私は、手帳を取り出し、恋人の美香が食べたがる項目を見る。
 美香が今日食べたいものは……今日は多分、イタリアンだな。
 ぱたりと閉じ、イタリアンレストランに連絡する。
「もしもし、榊原だが今日はそちらとれるかな?」
「はい、もちろんでございます、榊原様。VIP用ルームにてご用意させていただきます。お時間は……」
 予約時間を伝え電話を切る。
 それと同時に自宅のチャイムが鳴った。
 訪問者はすぐにわかった。この家のチャイムはチャイムの押し時間で鳴り方が違う。郵便屋は、『ぴぽんぴぽん』だし、新聞屋は『ぴんぽんぴんぽん』、隣の山田さんは『ぴぃんぽ』だ。
――このチャイムの音は。
 突然、玄関の扉が開くとともに僕の好きな声が聞こえてきた。
「もう、どうしてでてくれないのよ、健」
 急いでるのか、靴がしゅっと脱げる音とどたどたという音が段々近づいてくる。
「もう、チャイムならさなくて入ってきてもいいって言っただろう」
「あなたの家でしょ。

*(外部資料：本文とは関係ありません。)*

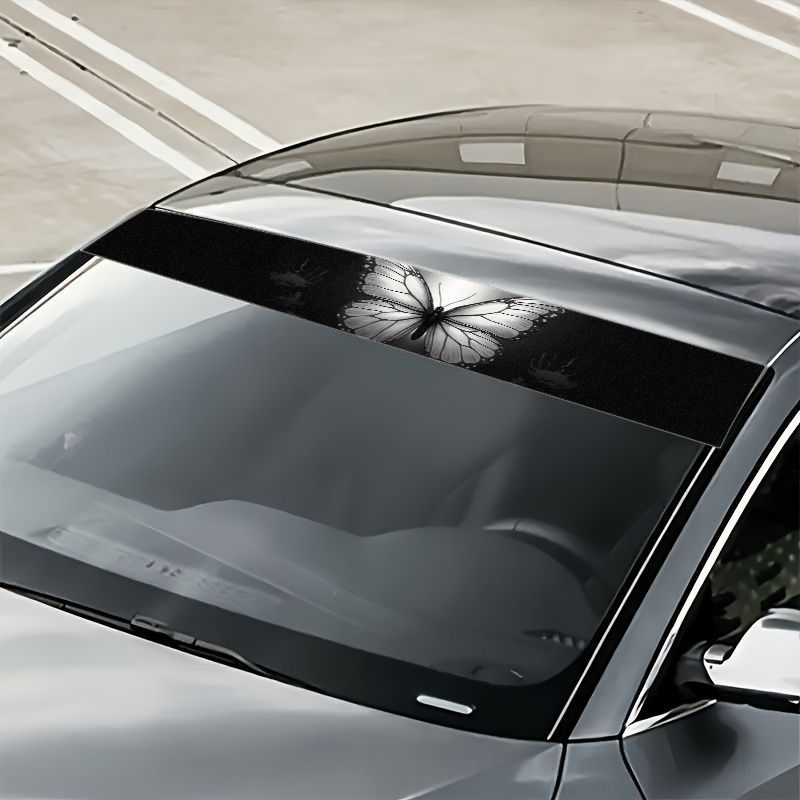 TEMU 1pc Design Car Windshield Sticker, Elegant Monochrome Pattern For A Look, Waterproof And Scratch-resistant, Suitable For All Vehicle Types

私は、そういう事できないわ」
「そうだね、君のそういう所、好きだよ」
 美香の好きなキリマンジャロはすでに用意済だったのでちゃぶ台に出すだけだ。はい、と添えて出す。
「ありがとう。んーやっぱり健の珈琲は別格ね」
 美香はおいしそうにそそる。
「そういえばさ……」
「あー、今日はレストランの予約とった?」
 言おうとした言葉が美香の言葉によって上書きされる。
「今日はイタリアンだよ」
「えー。すごい! 今日私もイタリアン食べたいと思ってたんだ」
「ふふふ、よかった」
 美香が食べたいもの、周期は把握していた。
 でも、こんな事続けていいのだろうか。
 美香に喜んで欲しいがあまりひけなくなってしまった。
 胸元にしまってある、黒い手帳が今日はなぜか重かった。
 最初は美香が好きなもの、嫌いなものをメモするだけだったのに、それが発展して、やめられなくなって、美香の辞書みたいになってしまった。
「どうしたの?」
 美香の前で辛い顔を見せられない。
俺はにこやかな顔で対応する。
「でもね、今日、本当はフレンチがいいな」
 ん? なにかがおかしい……。
今日は絶対イタリアンのはず……。
「私ね、予約してきたんだよ。絶対、健といくってきめてたから!」
お、おかしい。そんなことはない。
「お、おい! 今日はイタリアンじゃないのか?」
 変だ、変だ、変だ。顔色もかえず心の中では連呼している。
「うん、でも今日はフレンチなんだ」
 これは、どうゆうことなんだろう。
彼女に言われた通りにフレンチレストランについた。
「どうしたんだ、美香。」
 急に彼女の好みが変わるなんて事はないだろう。
「ふふ、どうもしてないわよ」
 どこか楽しそうな美香だが俺は落ち着くことができなかった。
「俺の事が嫌いになったか?」
「なるわけないじゃない」
本当の事なのか。俺は怖くてしようがなかった。
「ああそうだな」
 平然とニコりと返したつもりだが返せただろうか、この気持ちの落ち着かなさを彼女には気づかれてやしないだろうか。
 そして、料理が次々と運ばれてくる。
……運ばれてきた料理は、俺が好きそうなものばかりだった。
「本当は、私が作れればいいんだけどね」
 彼女が秋とはいえ、手袋を取らないのにすでに俺は違和感があったのに気づいていた。
「ありがとう。う、うれしいよ」
 どんな時でも美香の前では、毅然とふるまうつもりでいた。
けど、いまの俺は、心に美香という洪水がやってきてもうどうしようもなかった。
 泣き崩れる事しかできなかった。
「うぐっ……ひぐっ……」
 みっともない、みっともなさすぎる。
 そう思っても、もう取り繕えなかった。
だから、決心した。
 俺は胸元から黒い手帳をテーブルに置いた。
「君に言わなくちゃいけないことがあるんだ」
「へぇ。なにかしら。私もありますよ」
 彼女は、カバンから日記サイズの大きな手帳を取り出してきた。
「え、なんで」
「私が健に気づかないわけないでしょう」
「そうか……そうだよな」
「今度は超高級イタリアンでお願いね」
 満面の笑みで美香は言う。
 人生で一番彼女が綺麗だなと思った。
 強風が吹いた。
 僕らの手帳が勢いよくぱらぱらとめくられていった。
作品名:秘密 作家名:。。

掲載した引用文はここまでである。